How could this happen, many wonder, in the world's richest and most advanced country? How is it that, even if sufficient precautions were not taken, the industrial and technological resources of the United States could not swiftly deal with the inundation? And, as often, when misfortune strikes the US, the social inequalities within it are starkly exposed. Most of the 80 per cent of New Orleans residents who managed to evacuate before the hurricane were white and well off. Most of those who stayed and lost loved ones are predominantly black or Hispanic.
A combination of contaminated water, poor sanitation and the threat of tropical diseases has now placed the city under a complete evacuation order. There is no telling when it will be fit for human habitation again. It might never entirely recover. It might be regarded as a historic oddity, built where no planner would ever put a city now, which was lucky to be spared the obvious natural disaster for as long as it was, but which has now met its fate. If that is the verdict for the old French settlement and famed jazz centre, the world will be poorer.

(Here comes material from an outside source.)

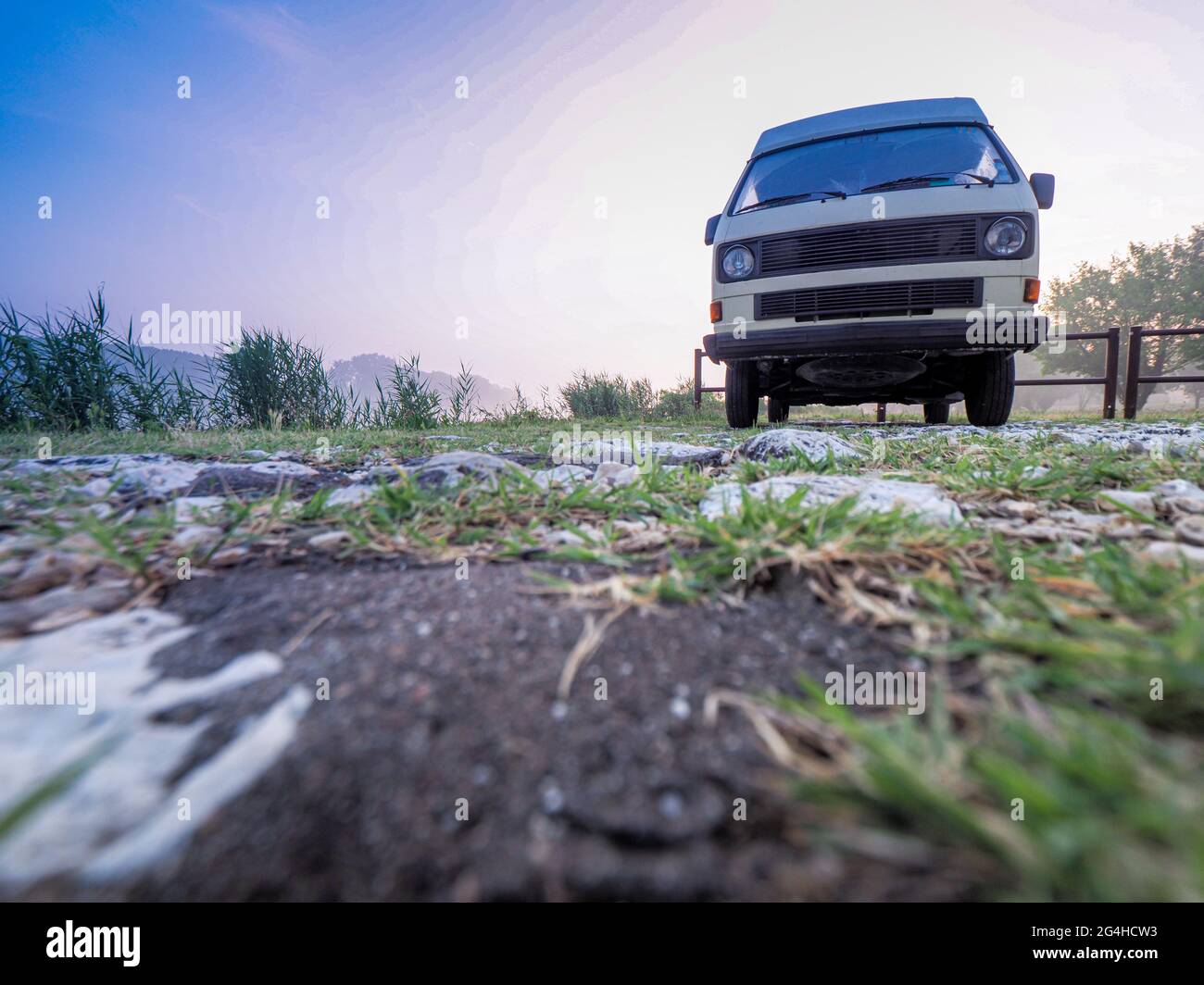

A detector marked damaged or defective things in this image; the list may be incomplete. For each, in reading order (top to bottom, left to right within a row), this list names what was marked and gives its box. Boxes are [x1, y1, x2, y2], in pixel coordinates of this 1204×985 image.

rusty fence post [1104, 324, 1119, 415]
rusty fence post [1119, 328, 1141, 420]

Typically, the hurricane had barely done its damage before it was being cited as yet another exhibit of climate change. Rising sea levels and temperatures, it was suggested, made the devastation worse. The number of recorded hurricanes has been higher than normal in nine of the past 11 years. But, as some meteorologists point out, the globe has known periods of frequent storms before.
If human action has made this flood worse than any previously in the region, it is probably the draining of coastal wetlands which would have helped absorb floods like this. The levees and dams built along the Mississippi have also made the area more vulnerable in the event of a breach. They have prevented the river replenishing its flood plain with silt, with the consequence that the city has been gradually sinking.
No part of the world is entirely immune from the effects of a disaster on this scale. The damage to oil production in the Gulf of Mexico is expected to be felt in the petrol prices, and the cost of damage to insurers will be passed into premiums the world over. If the disaster had struck a different part of the world, appeals for aid would have been made. America is expected to look after its own, which it will. But it might appreciate some gesture of sympathy. Even the most powerful turn out to be frail in the face of nature.